Merseyrail in the north of England has a set of new trains with a low floor at each doorway with an intelligent sliding step. The technology uses a sensor to detect the distance to the platform. Then a reinforced automated step slides out to bridge the gap between the train and the platform. It’s commonly used in Switzerland which means it is well tested. If other countries can order trains with universal easy access, why can’t that be done across Australia?
Perth in Australia has a similar convenience to Merseyrail so that no-one has to mind the gap when getting on and off. You can read more about the Merseyrail project on the Intelligent Transport website: Improving Accessibility on Merseyrail with New Trains.
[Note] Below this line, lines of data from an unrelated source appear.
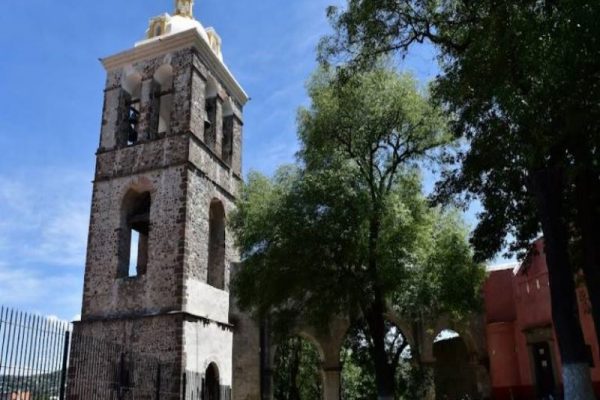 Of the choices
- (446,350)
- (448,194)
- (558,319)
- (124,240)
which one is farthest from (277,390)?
(558,319)

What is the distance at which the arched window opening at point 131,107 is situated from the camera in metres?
18.5

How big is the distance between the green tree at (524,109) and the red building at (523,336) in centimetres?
510

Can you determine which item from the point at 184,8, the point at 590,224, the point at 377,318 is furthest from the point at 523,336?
the point at 184,8

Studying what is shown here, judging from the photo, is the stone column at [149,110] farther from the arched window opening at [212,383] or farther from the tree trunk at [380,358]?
the tree trunk at [380,358]

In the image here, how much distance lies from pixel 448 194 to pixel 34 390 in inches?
288

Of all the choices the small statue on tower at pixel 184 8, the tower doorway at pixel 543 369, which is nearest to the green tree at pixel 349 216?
the tower doorway at pixel 543 369

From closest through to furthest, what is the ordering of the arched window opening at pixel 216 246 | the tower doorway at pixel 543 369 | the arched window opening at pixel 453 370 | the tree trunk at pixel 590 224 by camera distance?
the tree trunk at pixel 590 224
the tower doorway at pixel 543 369
the arched window opening at pixel 216 246
the arched window opening at pixel 453 370

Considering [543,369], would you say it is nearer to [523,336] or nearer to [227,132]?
[523,336]

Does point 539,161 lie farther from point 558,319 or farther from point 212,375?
point 212,375

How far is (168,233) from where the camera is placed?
53.0 ft

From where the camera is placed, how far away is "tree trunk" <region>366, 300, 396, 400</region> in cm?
1199

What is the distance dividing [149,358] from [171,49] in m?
9.63

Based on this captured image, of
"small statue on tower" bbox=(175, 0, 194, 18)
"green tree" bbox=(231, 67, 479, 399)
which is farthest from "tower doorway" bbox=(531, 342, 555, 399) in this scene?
"small statue on tower" bbox=(175, 0, 194, 18)

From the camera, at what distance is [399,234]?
1182 cm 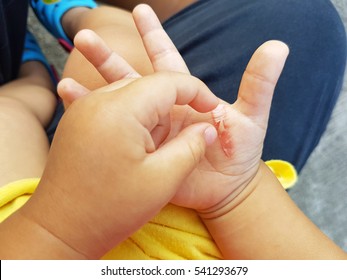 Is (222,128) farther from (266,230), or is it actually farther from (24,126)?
(24,126)

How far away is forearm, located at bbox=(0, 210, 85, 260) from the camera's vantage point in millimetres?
377

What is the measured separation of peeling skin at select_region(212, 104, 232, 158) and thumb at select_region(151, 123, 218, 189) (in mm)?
41

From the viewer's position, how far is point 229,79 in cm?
58

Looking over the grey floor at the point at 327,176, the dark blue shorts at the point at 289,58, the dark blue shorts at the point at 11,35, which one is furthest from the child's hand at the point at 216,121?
the grey floor at the point at 327,176

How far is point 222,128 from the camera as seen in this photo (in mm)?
445

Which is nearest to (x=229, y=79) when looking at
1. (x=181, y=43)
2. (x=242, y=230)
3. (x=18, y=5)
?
(x=181, y=43)

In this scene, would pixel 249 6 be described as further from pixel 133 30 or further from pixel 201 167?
pixel 201 167

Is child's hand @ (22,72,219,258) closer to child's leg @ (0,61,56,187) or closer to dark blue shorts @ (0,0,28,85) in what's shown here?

The new Sydney Metro has designed a close match between the train doors and the platform. It means that most wheeled devices can make the transition from the train to the platform. But every other train system in Sydney, including Light Rail, still requires a station attendant to put out the ramp for wheelchair users. And this has to be pre-arranged. Parents with prams, people with luggage or people a little unsteady on their feet still need to “mind the gap”. How about some retrofitting with this technology? That would save staff time and provide dignified independent access for all. Other passengers would be happy too.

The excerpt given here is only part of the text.